INTERVIEW: THE NORWEGIAN PROJECT
I invite you to read the interview with Sebastian, a member of an airsoft team called "The Norwegian Project", which, as the name implies, deals with reenactment of the Norwegian Armed Forces.
WMASG: Hello, Sebastian, do you have any nickname?
Sebastian: Yes– Marine. It is completely unrelated to the Norwegian theme, but I adopted it a decade ago and it has remained so.
WMASG: Where are you from?
Sebastian: The group is nationwide. Although most of us come from coastal regions (from Koszalin to the Tricity), in private life everyone went their own way. However, it is not an obstacle for us to meet from time to time and fulfill ourselves in our passion.
WMASG: How long have you been playing airsoft?
Sebastian: Some 8 years, the rest 11 and 12 years.
WMASG: Where did the idea for the reenacting a Norwegian unit come from and what exactly is this unit?
Sebastian: It all started in 2009, when I was able to get my first uniform in Norwegian camouflage. It was so intriguing that, together with the rest of the group I was in at the time, we decided to go deeper into the subject matter. It started with browsing photos, videos, reading articles using an online translator. In a short amount of time, each of us bought a uniform consisting of a smock jacket and pants. We made Combat shirts ourselves, based on the British coolmax T-shirt and NyCo material with Nkamo.
Initially, we did not want to do reenactment as we were based on a variety of equipment that we used for airsoft at the time. Only the uniforms were identical. But great interest in our "new spots" at airsoft events and the increasing availability of Norwegian equipment in Poland caused a refreshment of the group to be and the name was changed to "The Norwegian Project".

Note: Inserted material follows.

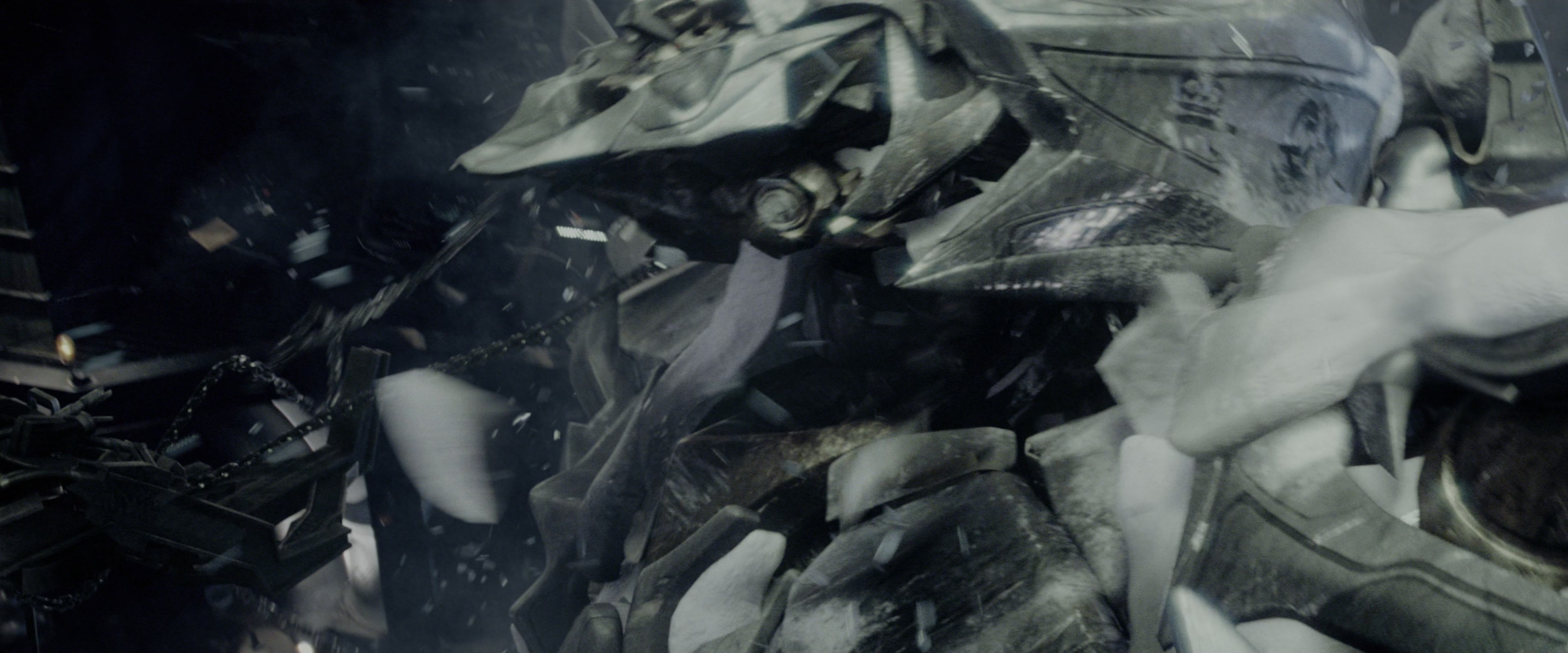 Transformers (2007), wide, 2.40:1 — film still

The group underwent reformation several times. For personal reasons of individual members the team almost ceased to exist for some time. Last year, we started off again with a fresh squad, this time without compromises and concessions. Our goal was to reenact the mechanized infantry of the Norwegian army called the "Telemark Battalion". It is one of the most elite units of the land forces in the Norwegian army.
WMASG: The "new spots" you mentioned, do you mean the Norwegian camouflage?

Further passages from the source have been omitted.